The emperor in his hands the Gospel took,
The king of Africa that other book.
LXXXII
Charlemagne, at his altar, to the sky
Lifted his hands, "O God, that for our sake"
(Exclaimed the monarch) "wast content to die,
Thyself a ransom for our sins to make;
-- O thou that found such favour in his eye,
That God from thee the flesh of man did take,
Borne for nine months within thy holy womb,
While aye thy virgin flower preserved its bloom,
LXXXIII
"Hear, and be witnesses of what I say,
For me and those that after me shall reign,
To Agramant and those that heir his sway,
I twenty loads of gold of perfect grain
Will every year deliver, if to-day
My champion vanquished in the lists remain;
And vow I will straightway from warfare cease,
And from henceforth maintain perpetual peace;
LXXXIV
"And may your joint and fearful wrath descend
On me forthwith, if I my word forego!
And may it me and mine alone offend,
And none beside, amid this numerous show!
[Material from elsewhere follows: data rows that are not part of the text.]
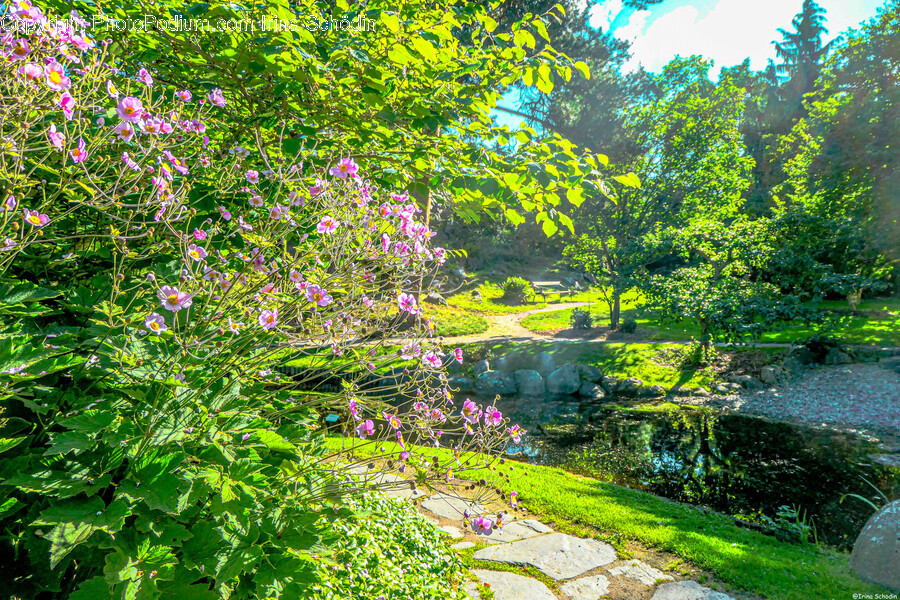 Plant, Grass, Outdoors, Tree, Vegetation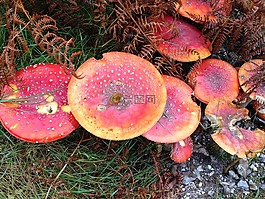 菌類,戶外,自然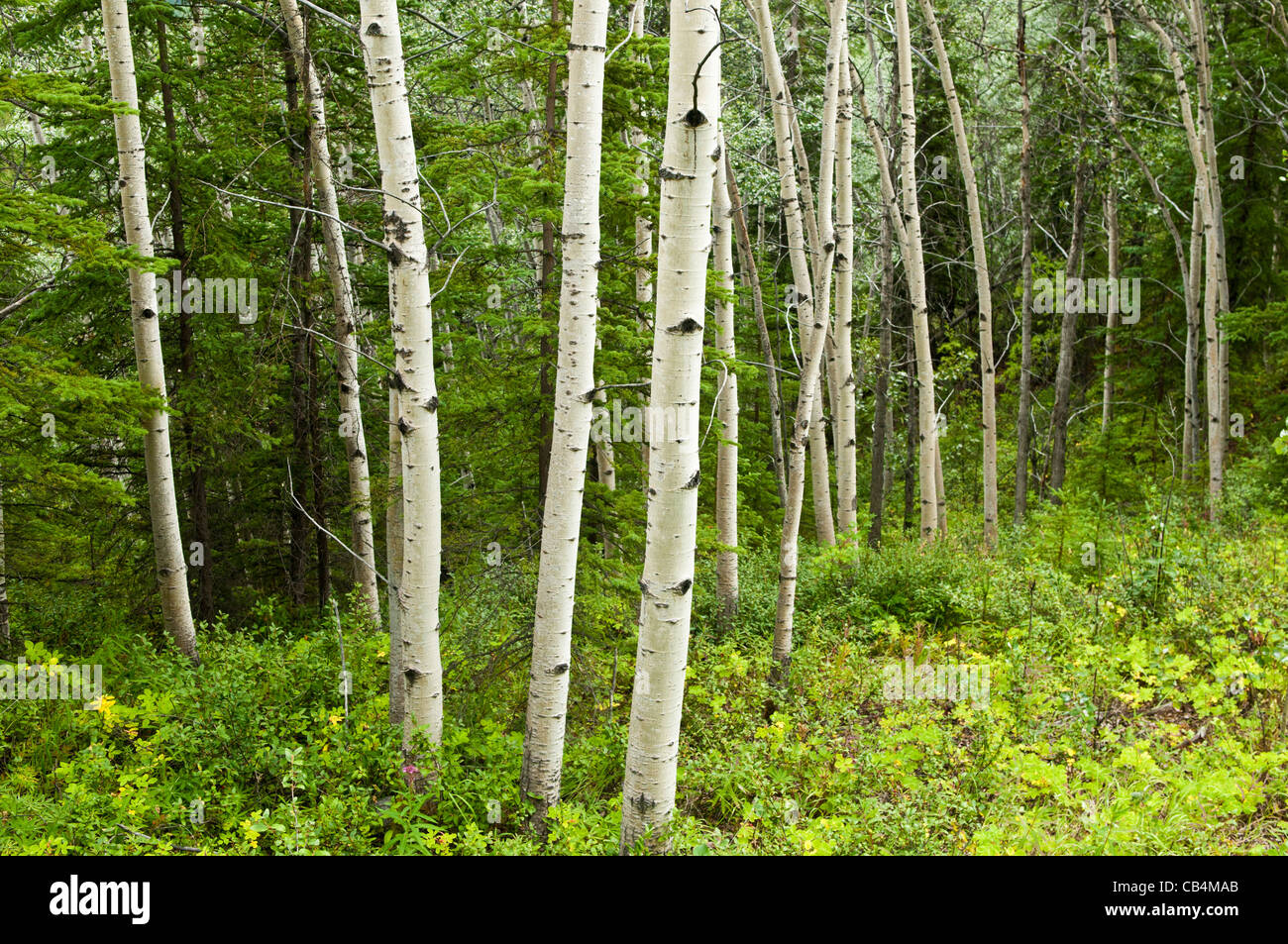 Quaking Aspen trees, Alaska Stock Photo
That all in briefest time may comprehend,
My breach of promise has brought down the woe. "
So saying, in his hand the holy book
Charles held, and fixed on heaven his earnest look.
LXXXV
This done, they seek that altar, sumptuously
Decked for the purpose, by the pagan train;
Where their king swears, that he will pass the sea,
With all his army, to his Moorish reign,
And to King Charles will tributary be;
If vanquished, young Rogero shall remain;
And will observe the truce for evermore
Upon the pact declared by Charles before;
LXXXVI
And like him, nor in under tone, he swears,
Calling on Mahound to attest his oath;
And on the volume which his pontiff bears,
To observe what he has promised plights his troth.
Then to his side each hastily repairs;
And mid their several powers are harboured both.
Next these, to swear arrive the champions twain;
And this the promise which their oaths contain.
LXXXVII
Rogero pledges first his knightly word,
Should his king mar, or send to mar, the fray,
He him no more as leader or as lord
Will serve, but wholly Charlemagne obey.
-- Rinaldo -- if in breach of their accord,
Him from the field King Charles would bear away,
Till one or the other is subdued in fight,
That he will be the Moorish monarch's knight.
LXXXVIII
When ended are the ceremonies, here
And there, to seek their camps the two divide.
Nor long, therein delayed; when trumpets clear
The time for their encounter signified:
Now to the charge advanced each cavalier,
Measuring with cautious care his every stride.
Lo! the assault begins; now low, now high,
That pair the sounding steel in circles ply.
LXXXIX
Now with the axe's blade, now with its heel
Their strokes they at the head or foot address;
And these so skilfully and nimbly deal,
As needs must shock all credence to express.